Yesterday, California’s Governor Brown signed SB 633 into law. The new law exempts certain merchandise from the prohibition that merchandise being sold in California cannot be labeled with “Made in the USA” or similar words when the merchandise or any component has been entirely or substantially made outside of the United States.
Made in the USA?
The new California law will allow merchandise to be labeled “Made in the USA” if:
- the foreign components or parts do not constitute more than 5% of the final wholesale value of the product, or
- the foreign components or parts do not constitute more than 10% of the final wholesale value of the product AND the manufacturer can show that those components cannot be obtained or produced domestically.

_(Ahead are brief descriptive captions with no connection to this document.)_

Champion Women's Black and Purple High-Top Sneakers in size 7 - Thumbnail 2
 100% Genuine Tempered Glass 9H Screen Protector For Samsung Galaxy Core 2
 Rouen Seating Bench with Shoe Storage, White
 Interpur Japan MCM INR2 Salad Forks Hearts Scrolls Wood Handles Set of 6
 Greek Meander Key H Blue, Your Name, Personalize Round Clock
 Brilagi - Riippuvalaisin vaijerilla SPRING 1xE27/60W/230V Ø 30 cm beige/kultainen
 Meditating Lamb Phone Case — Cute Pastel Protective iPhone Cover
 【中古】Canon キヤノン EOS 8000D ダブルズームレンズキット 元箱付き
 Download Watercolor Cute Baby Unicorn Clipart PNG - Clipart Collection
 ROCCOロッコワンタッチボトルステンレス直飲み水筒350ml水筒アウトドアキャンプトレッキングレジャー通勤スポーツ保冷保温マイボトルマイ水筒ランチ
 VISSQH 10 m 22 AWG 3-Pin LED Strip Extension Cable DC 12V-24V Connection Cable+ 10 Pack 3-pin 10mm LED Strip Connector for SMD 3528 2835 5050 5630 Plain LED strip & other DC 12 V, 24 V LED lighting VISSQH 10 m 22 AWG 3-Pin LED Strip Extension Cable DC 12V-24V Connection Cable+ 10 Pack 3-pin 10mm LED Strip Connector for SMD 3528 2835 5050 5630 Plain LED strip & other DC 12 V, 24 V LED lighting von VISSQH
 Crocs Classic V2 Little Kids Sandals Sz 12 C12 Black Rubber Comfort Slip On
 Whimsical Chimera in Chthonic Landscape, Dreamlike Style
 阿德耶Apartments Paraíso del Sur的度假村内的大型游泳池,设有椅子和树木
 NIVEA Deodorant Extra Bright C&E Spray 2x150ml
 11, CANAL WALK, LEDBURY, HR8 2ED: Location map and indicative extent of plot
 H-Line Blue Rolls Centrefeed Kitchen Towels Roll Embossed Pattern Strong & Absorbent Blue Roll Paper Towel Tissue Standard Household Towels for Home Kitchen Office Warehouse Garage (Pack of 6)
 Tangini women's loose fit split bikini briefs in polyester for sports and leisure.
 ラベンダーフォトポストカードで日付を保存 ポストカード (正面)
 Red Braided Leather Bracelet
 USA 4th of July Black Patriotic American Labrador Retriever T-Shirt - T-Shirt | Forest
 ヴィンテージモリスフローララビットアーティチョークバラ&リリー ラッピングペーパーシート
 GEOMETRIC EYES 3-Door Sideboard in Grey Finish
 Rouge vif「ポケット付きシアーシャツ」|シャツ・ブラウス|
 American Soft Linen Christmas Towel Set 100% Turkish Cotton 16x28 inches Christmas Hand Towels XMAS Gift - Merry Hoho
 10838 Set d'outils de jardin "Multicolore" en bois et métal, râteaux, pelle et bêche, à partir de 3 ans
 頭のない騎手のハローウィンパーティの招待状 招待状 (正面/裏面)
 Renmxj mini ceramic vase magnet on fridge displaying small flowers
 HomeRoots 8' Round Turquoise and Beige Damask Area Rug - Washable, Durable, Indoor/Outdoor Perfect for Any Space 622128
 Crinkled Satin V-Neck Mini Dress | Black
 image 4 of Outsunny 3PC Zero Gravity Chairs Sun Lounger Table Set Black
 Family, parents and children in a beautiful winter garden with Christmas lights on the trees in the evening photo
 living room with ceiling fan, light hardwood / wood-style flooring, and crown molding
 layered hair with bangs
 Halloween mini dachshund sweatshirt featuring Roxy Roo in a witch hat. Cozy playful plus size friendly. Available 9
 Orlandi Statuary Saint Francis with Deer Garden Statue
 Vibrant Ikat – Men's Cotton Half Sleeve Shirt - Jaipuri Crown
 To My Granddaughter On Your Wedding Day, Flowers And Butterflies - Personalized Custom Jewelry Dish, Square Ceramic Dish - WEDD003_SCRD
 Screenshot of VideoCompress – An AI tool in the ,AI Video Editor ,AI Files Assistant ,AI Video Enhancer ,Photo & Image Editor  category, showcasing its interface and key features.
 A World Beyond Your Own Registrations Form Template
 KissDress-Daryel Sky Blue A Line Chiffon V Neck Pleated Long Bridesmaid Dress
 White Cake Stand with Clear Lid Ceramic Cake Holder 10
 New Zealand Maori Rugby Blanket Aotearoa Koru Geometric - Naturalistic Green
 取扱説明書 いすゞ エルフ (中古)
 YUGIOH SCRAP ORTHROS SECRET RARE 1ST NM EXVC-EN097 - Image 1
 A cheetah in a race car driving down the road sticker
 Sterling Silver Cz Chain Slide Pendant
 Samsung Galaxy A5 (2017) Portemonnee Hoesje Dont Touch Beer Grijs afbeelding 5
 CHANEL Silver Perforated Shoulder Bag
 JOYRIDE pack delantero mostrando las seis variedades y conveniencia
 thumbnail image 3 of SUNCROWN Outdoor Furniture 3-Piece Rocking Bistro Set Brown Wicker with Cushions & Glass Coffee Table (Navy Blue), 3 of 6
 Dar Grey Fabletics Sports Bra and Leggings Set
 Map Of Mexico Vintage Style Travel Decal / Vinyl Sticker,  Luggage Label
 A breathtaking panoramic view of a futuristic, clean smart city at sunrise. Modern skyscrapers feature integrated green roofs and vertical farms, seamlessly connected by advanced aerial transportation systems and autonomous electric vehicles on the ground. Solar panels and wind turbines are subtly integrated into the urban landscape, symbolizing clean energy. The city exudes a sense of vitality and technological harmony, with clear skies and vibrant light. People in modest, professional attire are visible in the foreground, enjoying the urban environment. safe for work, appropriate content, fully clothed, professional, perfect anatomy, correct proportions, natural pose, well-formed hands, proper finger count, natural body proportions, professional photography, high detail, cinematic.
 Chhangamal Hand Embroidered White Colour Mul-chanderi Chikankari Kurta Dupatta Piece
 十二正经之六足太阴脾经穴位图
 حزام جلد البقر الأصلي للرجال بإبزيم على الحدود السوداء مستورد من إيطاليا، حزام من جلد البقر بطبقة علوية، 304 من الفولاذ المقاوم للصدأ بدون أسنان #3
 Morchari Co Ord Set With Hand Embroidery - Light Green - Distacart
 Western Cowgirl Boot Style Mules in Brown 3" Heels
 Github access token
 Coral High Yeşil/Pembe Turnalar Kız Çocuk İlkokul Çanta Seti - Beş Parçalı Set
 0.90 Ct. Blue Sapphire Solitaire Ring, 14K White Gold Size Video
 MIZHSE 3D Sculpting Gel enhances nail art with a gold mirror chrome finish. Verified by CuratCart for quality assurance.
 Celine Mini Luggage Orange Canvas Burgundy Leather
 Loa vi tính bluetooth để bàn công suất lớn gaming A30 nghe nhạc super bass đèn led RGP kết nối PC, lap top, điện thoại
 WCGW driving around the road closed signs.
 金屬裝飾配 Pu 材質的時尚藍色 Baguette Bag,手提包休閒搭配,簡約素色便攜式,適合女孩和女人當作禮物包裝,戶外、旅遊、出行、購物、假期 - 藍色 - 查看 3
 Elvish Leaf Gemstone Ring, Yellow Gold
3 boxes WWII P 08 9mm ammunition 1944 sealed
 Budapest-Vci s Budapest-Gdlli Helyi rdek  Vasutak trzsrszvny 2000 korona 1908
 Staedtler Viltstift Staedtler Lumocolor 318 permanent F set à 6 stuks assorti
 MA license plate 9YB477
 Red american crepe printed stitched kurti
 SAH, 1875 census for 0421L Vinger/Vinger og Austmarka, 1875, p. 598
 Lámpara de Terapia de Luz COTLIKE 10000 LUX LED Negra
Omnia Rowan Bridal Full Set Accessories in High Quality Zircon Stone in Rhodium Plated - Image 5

For this second prong, the determination that the components or parts cannot be made, manufactured, produced or obtained within the U.S. may not be based on the cost of the components or parts. The new law also clarifies that goods sold or offered for sale outside of California are not mislabeled as long as the labels conform to the law where they are sold or offered for sale.
The new California law will go into effect on January 1, 2016.
Impact on FTC standard
As we have previously discussed, California’s prior “Made in the USA” law was stricter than the standard set by the Federal Trade Commission. While the new law offers some relief, it does not directly align with the FTC standard. Manufacturers and retailers selling products in California and throughout the rest of the country will still have to deal with both standards.
Because the FTC has refused to apply a bright line test to its “all of virtually all” approach, it is possible that a product whose foreign components comprise more than the 5% or 10% limits could qualify for a “Made in the USA” label under the FTC standard.
This new law will also likely require companies seeking to label products that contain foreign parts or components as “Made in the USA” to work closely with their vendors to determine whether the foreign content exceeds the 5% and 10% thresholds, and, when the foreign content is up to 10% of the final wholesale value, to determine whether the components can be obtained or produced domestically.